■ Records supplied:
= = = =

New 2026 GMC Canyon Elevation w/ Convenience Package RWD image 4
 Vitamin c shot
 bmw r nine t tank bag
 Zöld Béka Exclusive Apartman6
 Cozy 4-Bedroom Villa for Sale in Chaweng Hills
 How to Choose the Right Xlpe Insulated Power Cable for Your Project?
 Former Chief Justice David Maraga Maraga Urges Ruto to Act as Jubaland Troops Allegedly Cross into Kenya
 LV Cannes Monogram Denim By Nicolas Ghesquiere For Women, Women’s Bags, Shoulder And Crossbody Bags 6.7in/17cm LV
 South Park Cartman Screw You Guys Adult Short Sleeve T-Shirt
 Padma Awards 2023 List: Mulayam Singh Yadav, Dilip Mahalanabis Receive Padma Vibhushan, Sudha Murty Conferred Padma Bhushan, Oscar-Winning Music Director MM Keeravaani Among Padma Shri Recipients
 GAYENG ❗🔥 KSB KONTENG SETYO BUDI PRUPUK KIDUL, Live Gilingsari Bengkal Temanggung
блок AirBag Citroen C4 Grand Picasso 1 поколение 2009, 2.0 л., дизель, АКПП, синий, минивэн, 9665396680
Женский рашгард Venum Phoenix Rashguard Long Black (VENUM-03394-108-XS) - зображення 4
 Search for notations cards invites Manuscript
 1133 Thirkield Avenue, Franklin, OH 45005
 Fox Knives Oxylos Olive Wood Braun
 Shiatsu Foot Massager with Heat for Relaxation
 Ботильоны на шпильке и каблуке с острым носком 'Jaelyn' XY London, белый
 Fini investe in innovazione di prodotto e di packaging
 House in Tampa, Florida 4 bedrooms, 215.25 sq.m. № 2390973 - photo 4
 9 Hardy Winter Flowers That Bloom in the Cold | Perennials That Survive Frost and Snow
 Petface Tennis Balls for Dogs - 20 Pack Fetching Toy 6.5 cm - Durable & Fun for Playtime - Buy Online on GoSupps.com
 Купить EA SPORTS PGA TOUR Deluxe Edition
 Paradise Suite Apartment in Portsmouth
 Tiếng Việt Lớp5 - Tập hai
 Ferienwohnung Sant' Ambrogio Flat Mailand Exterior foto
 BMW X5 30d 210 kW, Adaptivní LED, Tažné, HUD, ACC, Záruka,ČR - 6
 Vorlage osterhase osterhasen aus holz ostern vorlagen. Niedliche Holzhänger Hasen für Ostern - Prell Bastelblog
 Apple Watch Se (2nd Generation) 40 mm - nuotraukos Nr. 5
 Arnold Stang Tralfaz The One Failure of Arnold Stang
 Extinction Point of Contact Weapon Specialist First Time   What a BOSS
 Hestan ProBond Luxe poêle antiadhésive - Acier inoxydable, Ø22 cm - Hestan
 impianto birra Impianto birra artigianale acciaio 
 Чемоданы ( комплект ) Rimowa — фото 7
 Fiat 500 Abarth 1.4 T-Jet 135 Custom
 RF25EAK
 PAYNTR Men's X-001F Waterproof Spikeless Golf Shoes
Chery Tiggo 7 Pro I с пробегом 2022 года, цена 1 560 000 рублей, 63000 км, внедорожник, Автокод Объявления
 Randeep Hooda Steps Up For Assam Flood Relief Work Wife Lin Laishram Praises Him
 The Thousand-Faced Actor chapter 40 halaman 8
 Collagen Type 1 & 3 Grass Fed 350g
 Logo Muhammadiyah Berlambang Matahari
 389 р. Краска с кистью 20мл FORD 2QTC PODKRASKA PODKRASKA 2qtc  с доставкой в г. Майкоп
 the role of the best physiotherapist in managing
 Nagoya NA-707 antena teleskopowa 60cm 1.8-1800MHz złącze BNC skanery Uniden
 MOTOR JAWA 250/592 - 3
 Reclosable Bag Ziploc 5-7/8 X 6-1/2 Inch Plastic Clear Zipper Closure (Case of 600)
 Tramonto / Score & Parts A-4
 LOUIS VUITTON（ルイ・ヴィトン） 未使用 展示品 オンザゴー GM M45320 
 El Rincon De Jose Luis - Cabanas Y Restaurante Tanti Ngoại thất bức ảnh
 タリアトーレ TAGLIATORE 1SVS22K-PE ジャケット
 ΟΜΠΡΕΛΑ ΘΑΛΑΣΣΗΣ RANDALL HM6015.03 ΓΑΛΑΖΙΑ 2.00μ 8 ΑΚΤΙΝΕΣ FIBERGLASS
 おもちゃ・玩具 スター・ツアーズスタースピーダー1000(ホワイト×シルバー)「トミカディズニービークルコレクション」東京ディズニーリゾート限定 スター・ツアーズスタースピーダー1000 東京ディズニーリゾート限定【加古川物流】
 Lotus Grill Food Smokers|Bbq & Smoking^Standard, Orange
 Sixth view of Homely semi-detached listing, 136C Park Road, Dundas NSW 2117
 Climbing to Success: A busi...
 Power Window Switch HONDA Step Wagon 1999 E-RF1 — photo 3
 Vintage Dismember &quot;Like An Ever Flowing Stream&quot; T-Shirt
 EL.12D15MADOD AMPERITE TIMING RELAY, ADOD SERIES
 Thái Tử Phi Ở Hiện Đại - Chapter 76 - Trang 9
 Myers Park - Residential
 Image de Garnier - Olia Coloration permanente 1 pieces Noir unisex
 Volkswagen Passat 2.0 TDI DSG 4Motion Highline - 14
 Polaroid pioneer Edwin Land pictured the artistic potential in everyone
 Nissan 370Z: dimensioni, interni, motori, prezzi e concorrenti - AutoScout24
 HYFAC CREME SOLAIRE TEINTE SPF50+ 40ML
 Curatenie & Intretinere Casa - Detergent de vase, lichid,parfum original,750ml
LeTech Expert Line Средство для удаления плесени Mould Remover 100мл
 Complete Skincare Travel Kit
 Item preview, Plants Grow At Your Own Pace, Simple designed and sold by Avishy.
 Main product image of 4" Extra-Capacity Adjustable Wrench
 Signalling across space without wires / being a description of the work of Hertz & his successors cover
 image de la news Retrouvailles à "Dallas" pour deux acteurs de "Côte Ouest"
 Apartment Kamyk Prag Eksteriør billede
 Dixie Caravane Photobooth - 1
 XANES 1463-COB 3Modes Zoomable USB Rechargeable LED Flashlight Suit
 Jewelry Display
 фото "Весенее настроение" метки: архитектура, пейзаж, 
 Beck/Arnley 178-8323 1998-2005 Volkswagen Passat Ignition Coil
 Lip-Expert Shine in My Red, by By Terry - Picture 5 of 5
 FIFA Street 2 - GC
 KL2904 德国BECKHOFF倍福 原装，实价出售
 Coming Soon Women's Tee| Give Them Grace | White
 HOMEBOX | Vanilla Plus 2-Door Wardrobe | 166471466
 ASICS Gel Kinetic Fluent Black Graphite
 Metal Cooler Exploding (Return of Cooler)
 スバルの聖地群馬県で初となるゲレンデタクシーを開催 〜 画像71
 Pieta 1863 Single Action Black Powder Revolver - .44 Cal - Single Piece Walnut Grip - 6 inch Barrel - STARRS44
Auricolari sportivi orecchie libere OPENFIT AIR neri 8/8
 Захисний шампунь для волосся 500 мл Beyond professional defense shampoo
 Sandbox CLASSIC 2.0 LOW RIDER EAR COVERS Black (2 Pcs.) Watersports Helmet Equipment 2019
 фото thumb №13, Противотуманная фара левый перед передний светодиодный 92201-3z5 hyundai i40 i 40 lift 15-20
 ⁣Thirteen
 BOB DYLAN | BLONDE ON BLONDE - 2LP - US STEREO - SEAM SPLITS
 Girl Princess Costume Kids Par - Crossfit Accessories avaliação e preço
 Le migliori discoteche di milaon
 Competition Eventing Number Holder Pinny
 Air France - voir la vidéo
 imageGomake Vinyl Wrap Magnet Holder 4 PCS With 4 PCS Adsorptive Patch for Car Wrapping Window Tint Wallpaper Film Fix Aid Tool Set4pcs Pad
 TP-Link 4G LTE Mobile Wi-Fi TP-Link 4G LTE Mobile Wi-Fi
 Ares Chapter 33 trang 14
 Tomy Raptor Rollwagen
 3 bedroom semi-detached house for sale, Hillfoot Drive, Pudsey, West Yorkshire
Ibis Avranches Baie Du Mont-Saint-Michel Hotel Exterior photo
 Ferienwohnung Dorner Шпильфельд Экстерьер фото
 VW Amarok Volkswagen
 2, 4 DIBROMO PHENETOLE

= = = =

■ Instructions for the task:
Take the entries above and return only the lines from the one with "LV Cannes Monogram" to the one with "South Park Cartman", both included, unchanged.

■ Task output:
 LV Cannes Monogram Denim By Nicolas Ghesquiere For Women, Women’s Bags, Shoulder And Crossbody Bags 6.7in/17cm LV
 South Park Cartman Screw You Guys Adult Short Sleeve T-Shirt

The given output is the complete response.